Tag Archives: vestibular & proprioceptive movement

Running with Mermaids

When Emma was a toddler she had a mermaid finger puppet.  It had long black hair, sported a blue bikini top and had a blue sequined tail.  At the time, I thought it was the first of what would be many dolls.  I loved dolls when I was little.  My favorite doll was named Maribelle.    Her left hand, the victim of my rage when I was four and hacked off three of her fingers with a pair of pruning shears was a reminder of anger gone awry.  I immediately regretted my actions and attempted to glue her fingers back on.  Crazy glue was not the common item found in every tool box as it is today.  My options were Elmer’s and rubber cement, neither of which could repair the damage.  I then tried tape with no better results.  At some point the fingers were lost or I threw them away, I can no longer remember.  Mirabelle’s fingers, while physically gone, are forever etched in my conscience, an impulsive act I could not undo.  Still, I loved Mirabelle and though I eventually moved on to a series of other baby dolls, little girl dolls and finally Barbie dolls, my first love was Mirabelle.  All these years later Maribelle resides in the blue and silver striped trunk she originally came in, now in an upstairs closet  in my mother’s house.  I have never been able to part with her, my thinking was that if I had a daughter, perhaps she would one day want to have her.

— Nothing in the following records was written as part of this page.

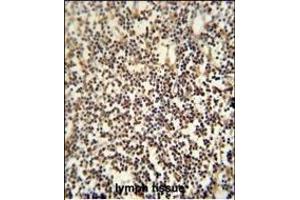 C12orf48 antibody (C-term) (ABIN654041 and ABIN2843950) immunohistochemistry analysis in formalin fixed and paraffin embedded human lymph tissue followed by peroxidase conjugation of the secondary antibody and DAB staining.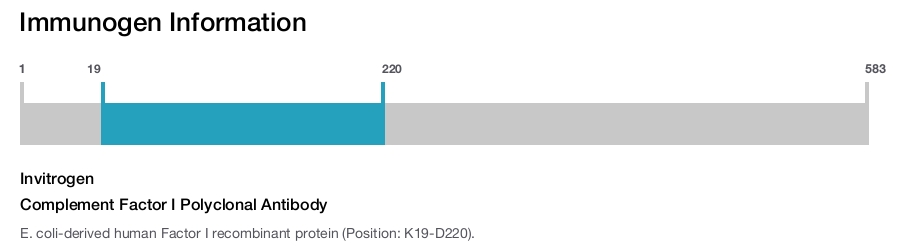 Complement Factor I Polyclonal Antibody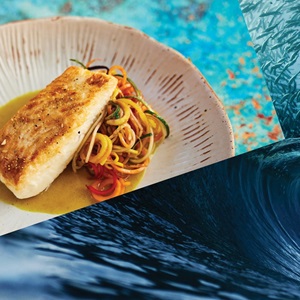 Choose Planet-Friendly Protein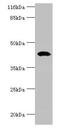 SH3 and cysteine-rich domain-containing protein 3 antibody, LS-C378462, Lifespan Biosciences, Western Blot image 
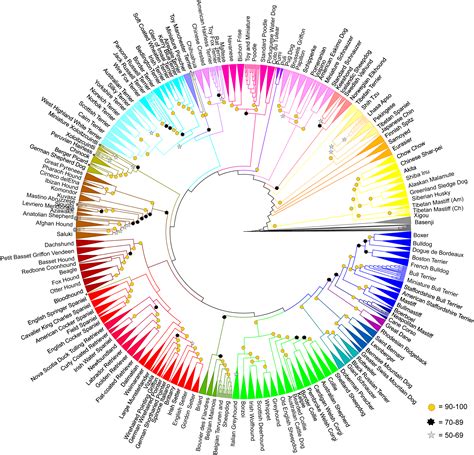 Nhgri The Nhgri Dog Genome Project
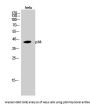Anti-p38 MAPK14 Antibody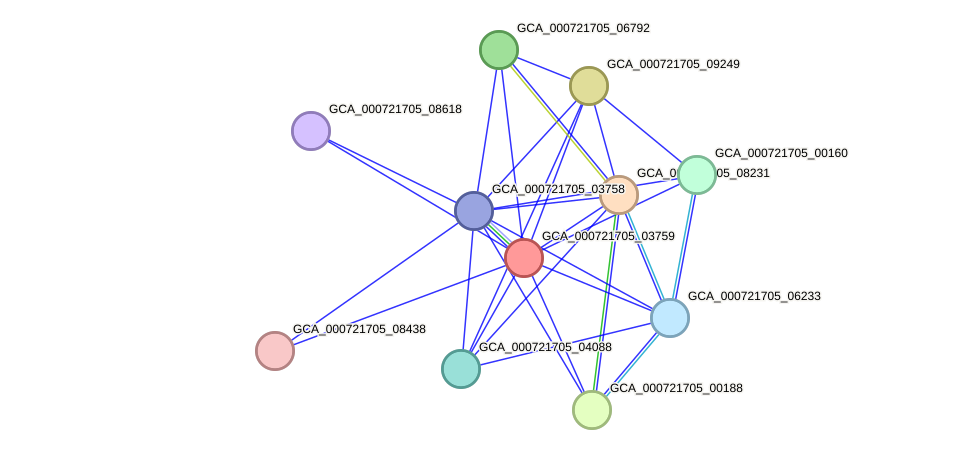 STRING protein interaction network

When Emma showed interest in the mermaid, I had high hopes for Mirabelle’s return.  Only, it turns out, Emma’s mermaid did not hold the same sort of feelings as Mirabelle had for me.  The mermaid was the beginning of a series of objects that Emma was fascinated by.  The item that eventually replaced Emma’s mermaid was The Corpse Bride from the Tim Burton movie with the same name.  Then it was Jessie from Toy Story and after that a long stick picked up from the playground.  From there she gravitated to a series of sticks, balloon strings and her current favorite: packing string.  The packing string is a work in progress, held together in the middle with masking tape, then scotch tape, which was then covered in reinforced packing tape and finally covered in turquoise duct tape.  When we were at Granma’s house, Emma covered the turquoise duct tape in masking tape she found in a drawer in my mother’s kitchen.  When we returned home, Emma covered the masking tape with yet another layer of the turquoise duct tape.  It has a certain heft to it and looks like this.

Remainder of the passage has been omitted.